“I am so proud of you that I am imbecile. Let us go home.”
Richard shook both her hands in silent congratulation.
“Where is Jarvis?” asked her father.
A search failed to find him. Richard made a trip back on the stage, but he was not there.
“We won’t wait, if you will put us into our cab,” Bambi said to him.
He saw them all off, promising to send Jarvis along if he saw him.
“What do you suppose became of him?” demanded the Professor.
But Bambi did not answer. All the triumph of the evening counted for nothing to her now. Jarvis had been hurt or angered at her revelation. He had deliberately gone off and left her, regardless of appearances. She spent the night in anxious listening for his return, but morning found his rooms vacant, his bed untouched. Bambi’s heart misgave her.
Jarvis was never sure what happened to him after he came off the stage with Bambi. Something had exploded in his brain, and his only thought was to get away, away from all the noisy, chattering, hand-shaking people, to some quiet place, where he could think.
On the way back to the box in Bambi’s train, he had been separated from her a minute, long enough to spy the stage door, to slip out and away. He headed uptown without design, walking, walking, at a furious pace. Bambi, herself, was the Lady of Mystery to whom he had offered his devotions. The thing which hurt him was that she had tricked him into declaring himself, probably laughed at his ardour. It made him rage to think of it. What had been her object? He could not decipher her riddle at all. If she wanted his love, she might have had it for the taking, without all this play-acting nonsense. These was no use in his ever expecting to understand her or her motives. He might as well give it up and be done with it.
He built up the whole story, bit by bit. Her mysterious trips to town were in regard to the book, of course. The “butter-’n’-eggs” money came from royalties. Strong had published the story in his magazine: hence their intimacy. His thought attacked this idea furiously, then he remembered Bambi’s words, “I love Richard Strong as my good friend, and in no other way.”

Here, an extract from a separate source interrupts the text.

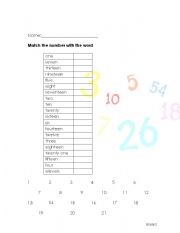 English worksheet: Practice number 1-20
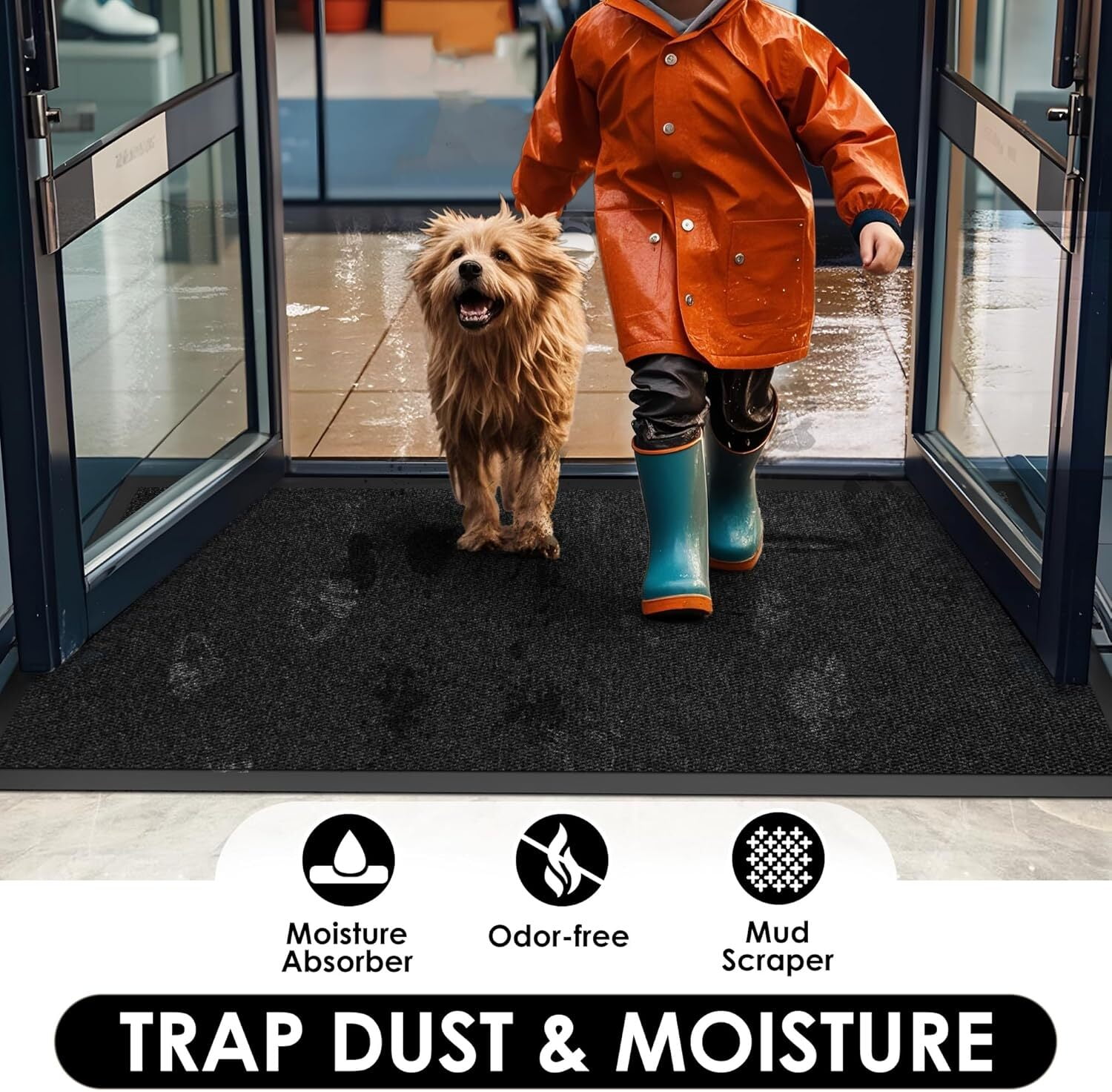 Bestvue Front Door Mat Indoor Entrance Outside Floor Doormat Entryway Welcome Mats Commercial Non Slip Rubber Backing Heavy Duty Trap Dirt Moisture for High Traffic Area 4′ x 4′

There was no doubting the sincerity of that declaration. Besides, Bambi never lied. She had not deceived him, then, with any deliberate plan to alienate his affections so that she could be free to go to Strong. No light along that line of questioning.
He went on, feeling his way, step by step, to the point of the dramatization of the book. Here he paused long. Surely he had not been her dupe here. He was Frohman’s choice as dramatist. But was he? She and Frohman had come to some understanding, because she had gone to see him the day the play was delivered. No, that could not be, for he found her at home when he returned.